L’audit logiciel est un événement souvent inquiétant pour les clients des éditeurs de logiciels. Il est en effet vécu comme une sanction dès lors qu’il risque de démontrer des manquements organisationnels et représente un coût humain et financier conséquent pour l’entreprise.
En réalité, l’audit peut représenter un outil intéressant pour le client, lui permettant de mieux gérer son parc logiciel, et peut même être effectuée à la demande du client.
Si la clause d’audit figure depuis longtemps au sein des contrats d’acquisition de licences de logiciels, cette procédure est en plein développement, les éditeurs recherchant de nouveaux revenus.

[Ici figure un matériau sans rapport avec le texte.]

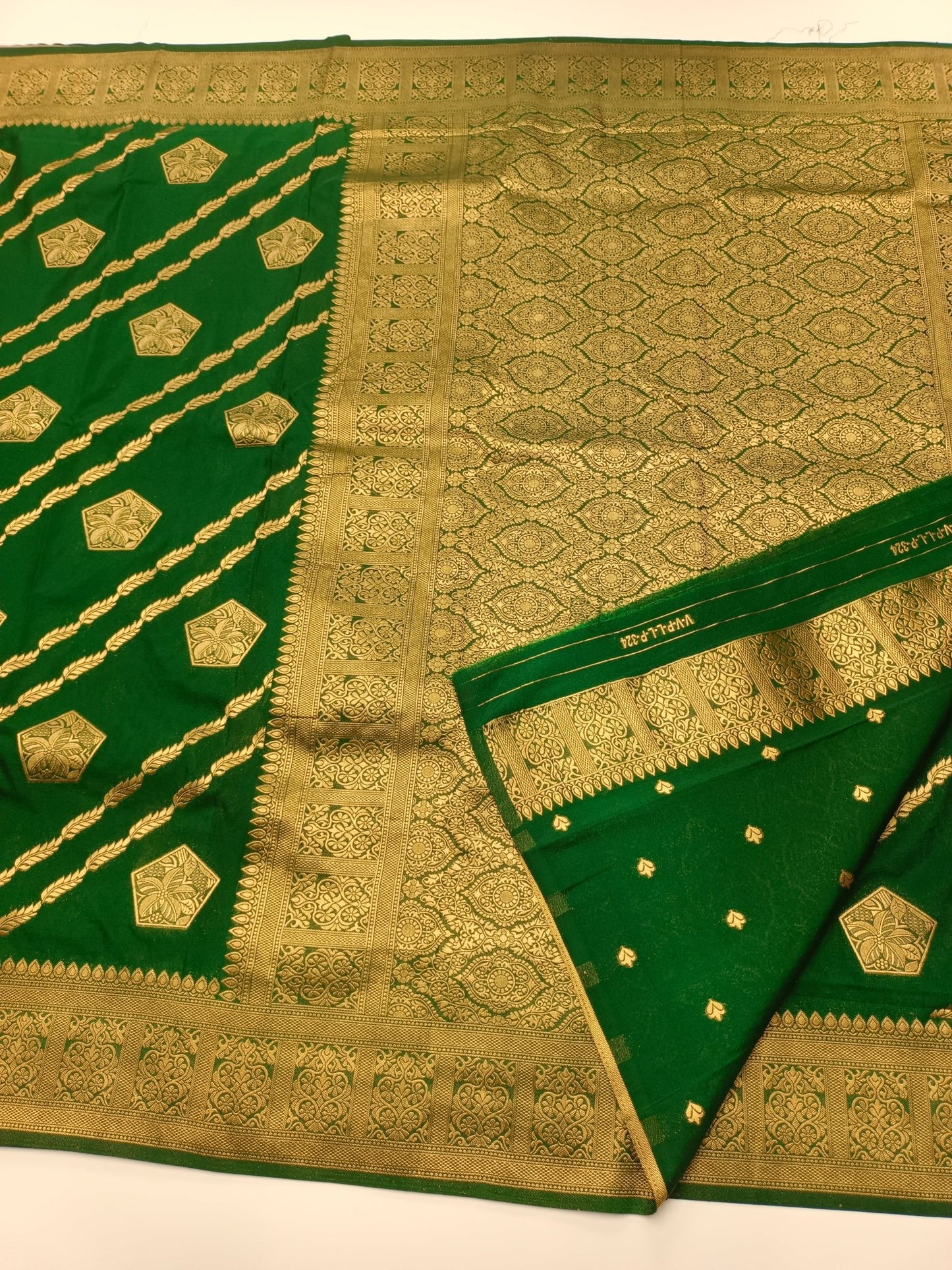 ART CREPE SAREE - B S CHANNABASAPPA & SONS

Ceux-ci ont longtemps fait preuve de tolérance quant à l’usage de leurs licences, mais sont désormais plus attentifs au respect des contrats par leurs clients.
C’est la raison pour laquelle la procédure d’audit est à la croisée des chemins de la direction informatique et du service juridique : le juriste va analyser les contrats et les droits accordés, et le service informatique s’assurer que l’usage correspond.
Quelques bonnes pratiques permettent de transformer ce moment désagréable en un véritable atout pour la gestion du parc informatique.
En quoi consiste l’audit logiciel ?
L’audit logiciel est une enquête, menée par l’éditeur de logiciel, dont l’objet est de vérifier l’adéquation entre l’usage réel des licences acquises par un client et les droits accordés par les contrats.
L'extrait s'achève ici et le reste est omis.